On this day in 1776, the body of Peyton Randolph is returned to Williamsburg, Virginia, for re-interment at his alma mater, the College of William and Mary. Randolph had died on October 22, 1775, at the age of 54, while in Philadelphia representing Virginia in the second Continental Congress.
Born in 1721 to a prominent and influential Virginia family, Randolph graduated from the College of William and Mary before attending law school in London. Upon his return to the colonies, Randolph took up a private practice and was later named attorney general of Virginia. In 1754, Randolph was elected to the House of Burgesses, Virginia’s official legislative body. As the colonies grew more in favor of independence from Great Britain, Randolph resigned his post as attorney general in 1766 due to a conflict of interest between serving both the British crown and the people of Virginia in the House of Burgesses.
Randolph continued to work in favor of independence from Great Britain by presiding over Virginia’s Committee of Correspondence, which worked to communicate with other colonies to form a united resistance against Britain’s parliament, from May 1773 to August 1774. In September 1774, the first Continental Congress was formed in Philadelphia in response to the British enactment of the Intolerable Acts.

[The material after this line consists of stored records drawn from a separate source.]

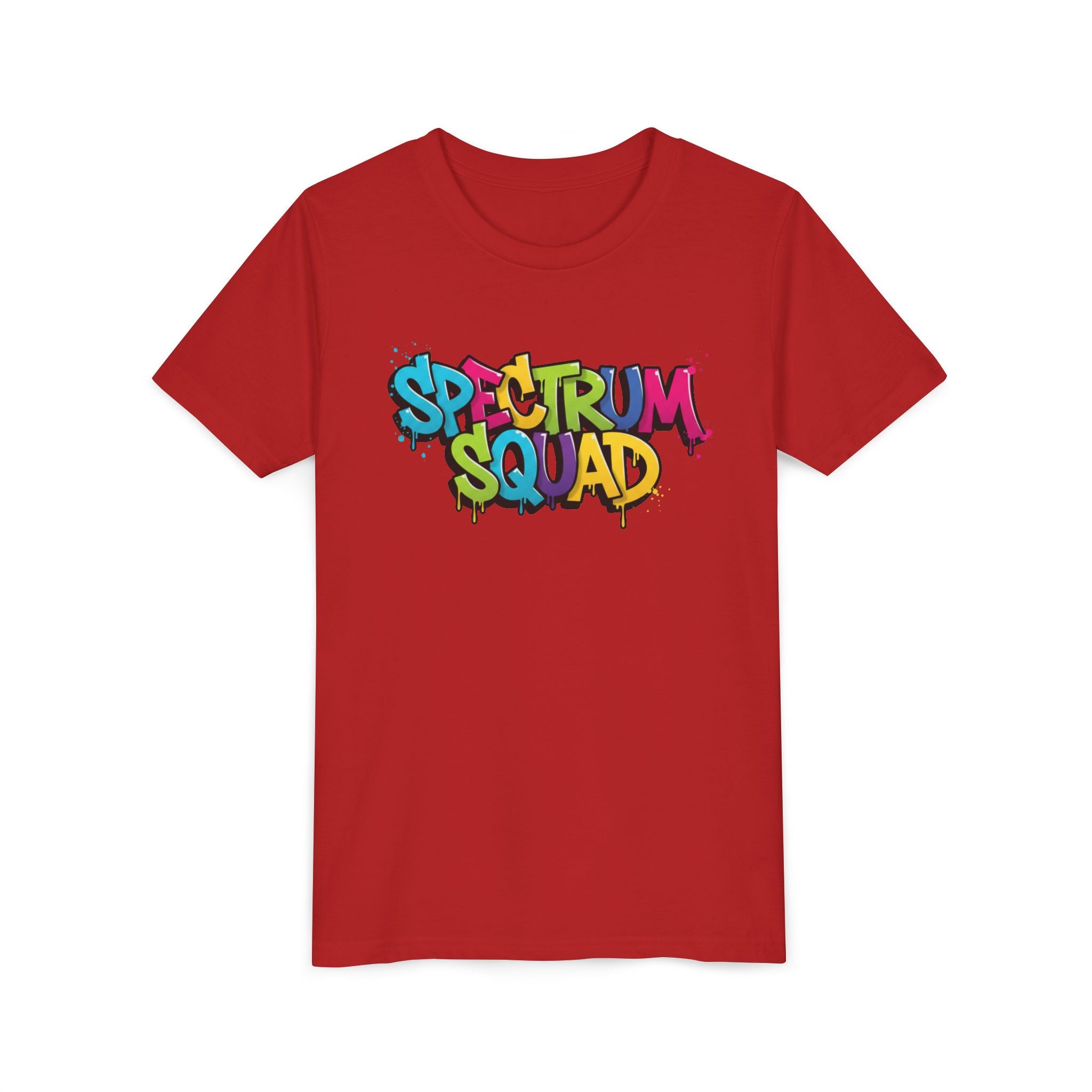 Youth Tee - "Spectrum Squad" Colorful Graffiti Kids T-Shirt
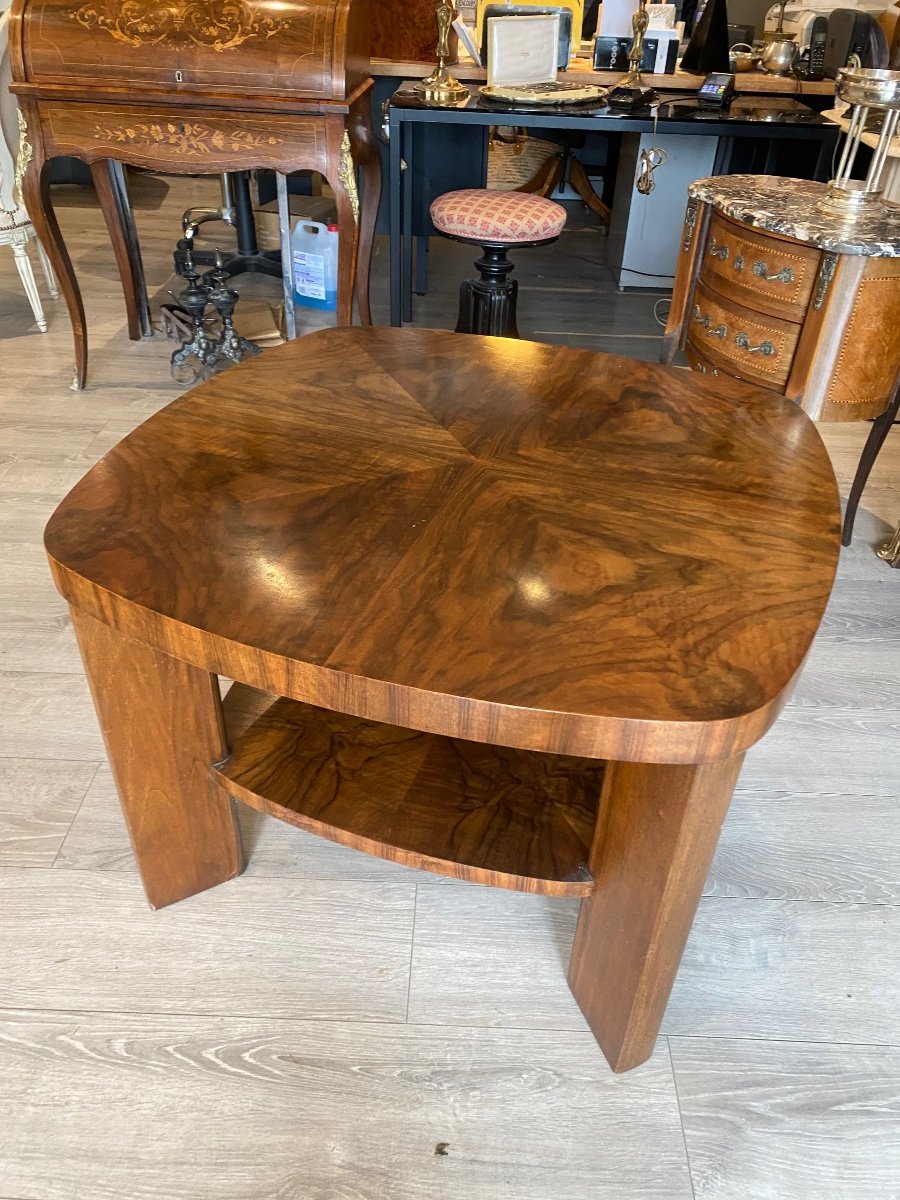 Burl Walnut Coffee Table 60s-photo-3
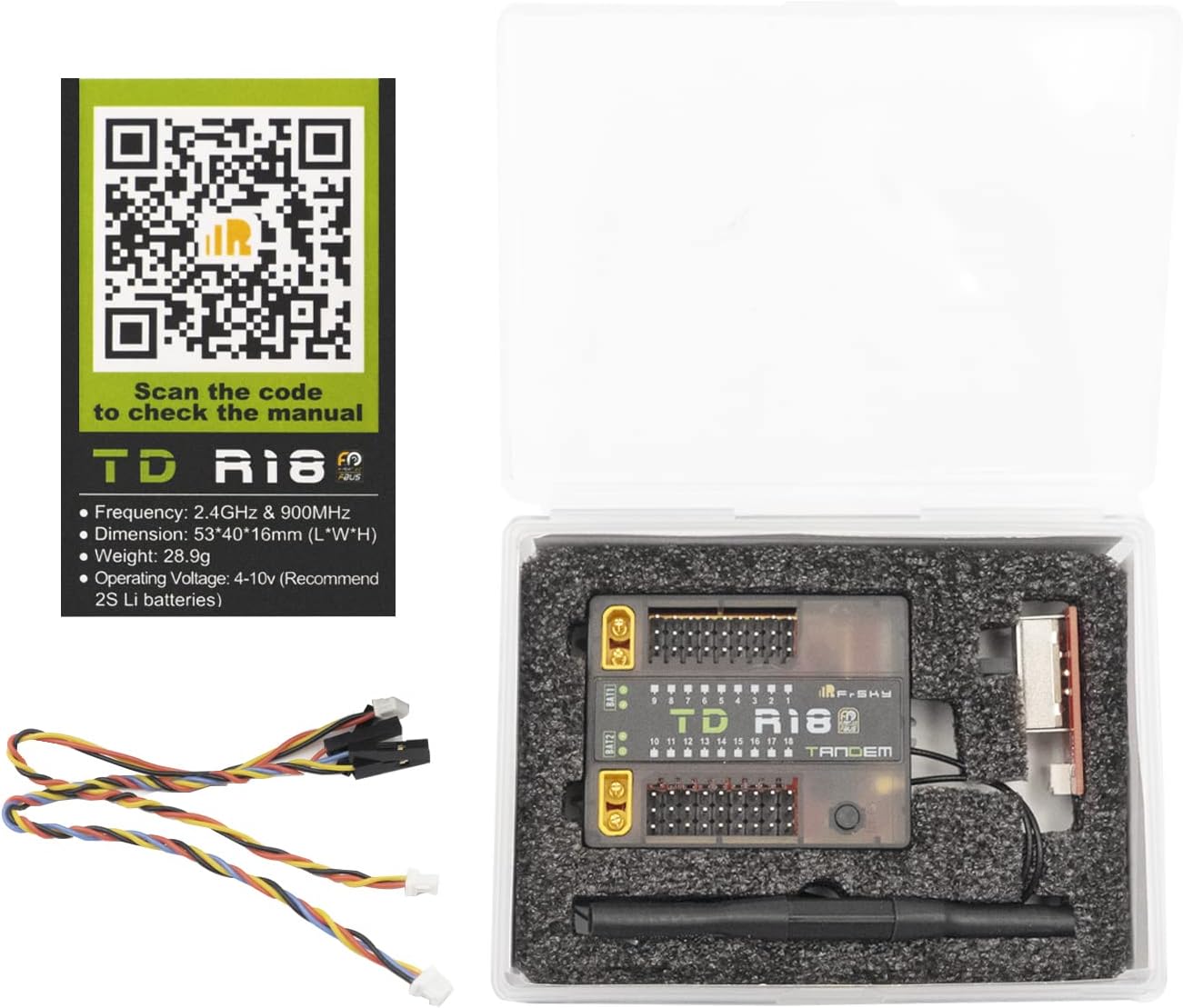 FrSky TD R18 Package Contents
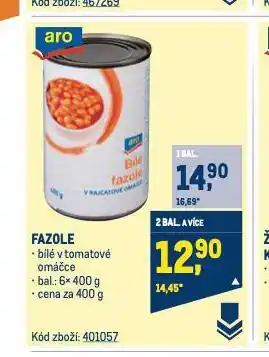 Makro Fazole nabídka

It was at that first meeting of the Continental Congress that colonists discussed a united resistance to British rule in America.
On September 5, 1774, Randolph was elected by unanimous vote as the first president of the Continental Congress. He resigned as president in October 1774 to attend a meeting of the Virginia House of Burgesses but remained a powerful and influential figure within Congress. He returned to Congress in May 1775 and was again elected president, but was forced to resign less than one month later due to his failing health.
Randolph did not live to see America achieve independence, a goal toward which he had worked for most of his adult life. He was initially buried at Christ Church in Philadelphia, but was moved to the cemetery at the chapel of the College of William and Mary one year later.